Reporting requirements for investors interested in Myanmar aside, one of the early challenges appears to be getting financial services in Myanmar. Despite the lifting of general sanctions and the elimination of sanctions against some key politicians, Myanmar’s banks are still on the Treasury Department’s blacklist. President Obama and the State Department announced this past May that some Myanmar sanctions would be lifted in recognition of the Myanmar government’s reform efforts, but that does not mean Myanmar, formerly Burma, is starting with a clean slate.

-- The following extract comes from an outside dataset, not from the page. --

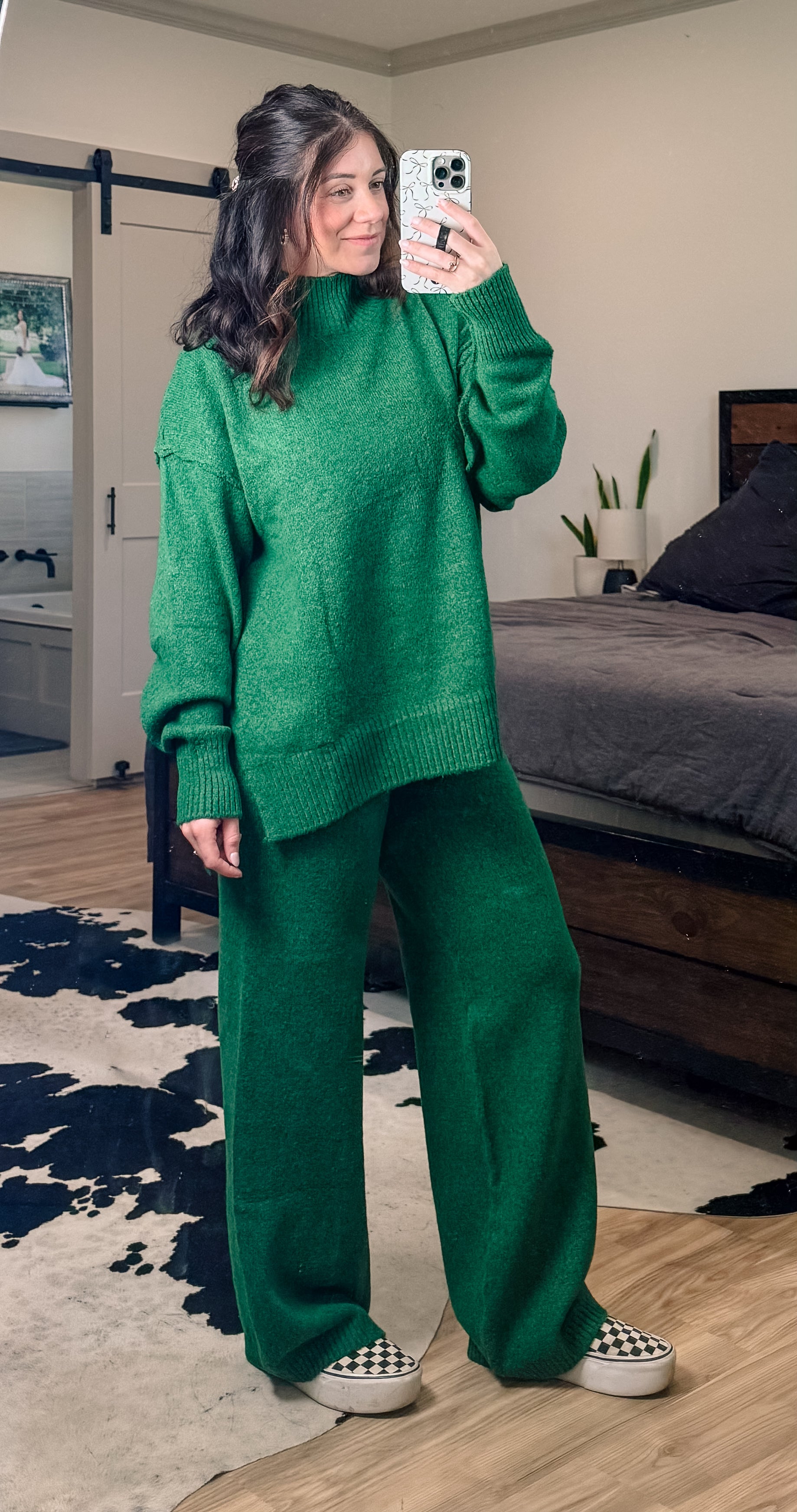 Turtle Neck Knit Sweater Set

“Burma has made important strides, but the political opening is nascent, and we continue to have concerns, including remaining political prisoners, ongoing conflict and serious human rights abuses in ethnic areas,” Obama said in May, noting that sanctions would not be fully lifted.

When the implementation of the changes began in July, the U.S. government once again made it clear that, outside of the new exemptions, U.S. entities are still barred from transactions with persons and entities in Myanmar on the Specially Designated Nationals (SDN) list or entities owned 50 percent by someone on that list. Furthermore, each time the United States eases sanctions, it tends to also designate new businesses to keep some limitations in place.

The Treasury Department’s Office of Foreign Assets Control has issued a general license allowing U.S. financial services to be exported to Burma and another general license authorizing investment, but non-governmental organizations and businesses interested in Myanmar have expressed frustration that it is still difficult to do work if they cannot open accounts at banks in Myanmar.

The general licenses and accompanying regulations (31 C.F.R. 537) essentially permit eligible entities to the transfer funds through designated banks in Myanmar, but it does not authorize other services, such as a U.S. person opening a checking account at a designated bank.

The problem with opening a checking account in Myanmar was raised by businesses during a meeting of the Department of State’s Advisory Committee on International Economic Policy in November. Peter Harrell, the Deputy Assistant Secretary of State for Threat Finance and Economic Sanctions Policy, stated that the department was looking into the issue.

John-Marshall Klein, a foreign affairs officer with the Office of Terrorism Finance and Economic Sanctions Policy, said temporary guidance was being provided on a case-by-case basis to assist businesses and non-governmental organizations in the interim.

Myanmar’s banks also have been working to get ready for investment, but some of Myanmar’s banks have gone out of business over the years as a result of the sanctions program. For example, the Treasury Department lifted sanctions in September from Myanmar Mayflower Bank and Asia Wealth Bank, both of which had been sanctioned for money laundering. But the gesture was not a sign the banks had reformed their ways. The banks simply were no longer a threat because Myanmar had yanked their licenses after the initial designation and the banks no longer existed.